Dele Momudu Wishes A Leader Like Chinese’s Chairman Mao Rules Nigeria

Posted on June 17, 2019

TAIWO ADELU

Legendary Chinese leader, the late Mao Zedong, popularly called Chairman Mao.

Publisher of Ovation International, Chief Dele Momodu, has said that if Nigeria president were to be like the Chinese legendary leader, Chairman Mao, the leadership crisis the country is presently passing through would have been a thing of the past.

Mao Zedong, who was popularly known as Chairman Mao. was  a Chinese communist  revolutionary who became the founding father of the People’s Republic of China (PRC), which he ruled as the Chairman of the Communist Party of China from its establishment in 1949 until his death in 1976.

A controversial figure, Chairman Mao is regarded as one of the most important and influential individuals in modern world history. He is also known as a political intellect, theorist, military strategist, poet, and visionary. Supporters credit him with driving imperialism out of China, modernising the nation and building it into a world power, promoting the status of women, improving education and health care, as well as increasing life expectancy as China’s population grew from around 550 million to over 900 million under his leadership.

Momodu, a journalist cum philanthropist said during a popular TV programme, Teju Babyface  Show that Nigeria, the most populous black nation in the world, needs a leader in character like Chairman Mao. According to him, the present crops of Nigerian leaders are too detached from the people they are ruling, hence huge gaps between the rich and the poor.

“I found it difficult to see how our rulers behave. Even from the way they dress in the public you will see that they don’t possess the comfortability and character of leaders who could rule very well. The way they wear their ‘agbada’ even if they seat down to sign documents, you will see how they are uncomfortable.

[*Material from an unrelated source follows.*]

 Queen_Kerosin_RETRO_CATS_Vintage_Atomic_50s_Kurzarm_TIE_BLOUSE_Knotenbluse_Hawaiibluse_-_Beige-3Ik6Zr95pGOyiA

” I will love to see the character of Chairman Mao in our leaders. Our President should live a simple life. Can we see him wearing simple shirt and jeans to be freed? Our problems in this country lies in the kind of leaders we have,” he said.

While speaking on his travails during the draconian reign of former Nigerian Head of State, General Sani Abacha, Momodu, whose Ovation International,  has been given publicity to people from all over the world, mainly in Africa, said that what happened to him was an experience he would never forget easily in life, adding that living in exile was a worse experience than being in jail at home.

“I have to run for my life in July 1995 when it became evident that Abacha’s men were closing in on me that time. I could remember that day when I was coming home when my wife met me on the road to tell me that some people had come to our house to look for me. I had no choice than to flee.

“I spent some couple of day in my bunker in Ikeja to strategise on how best to get out of the country. I disguised like a local farmer to beat the security network at Seme border to escape through to Cotonou in Benin Republic.

“I could remember, after crossing the border to Cotonou, when I looked back to Nigeria, tears ran down in my eyes because I felt the anguish and pain that I was leaving my country to unknown destinations. I left a wife and a little child back home in Nigeria.

“It’s not easy living in an exile. I think it’s even worse than being put in a prison. It is very easy to quickly adapt to life inside prison that adapt to life in exile.

” I could also remember that I was able to get use to life inside the custody I was confined to at Alagbon in Lagos during one of my arrests when Ibrahim Babangida was in power. The cell in Alagbon was nicknamed ‘Kalakuta Republic’, an entirely different ‘country’ inside the country called Nigeria.

“The cell had its own set of rules and regulations. Its own Inspector General of Police and President. Immediately you are put inside the cell, you would be made to recite a national anthem and pledge different from that of Nigeria. Despite that the cell was a confinement, I still found it very easy to adapt to life in the cell than living in exile,” said Momodu.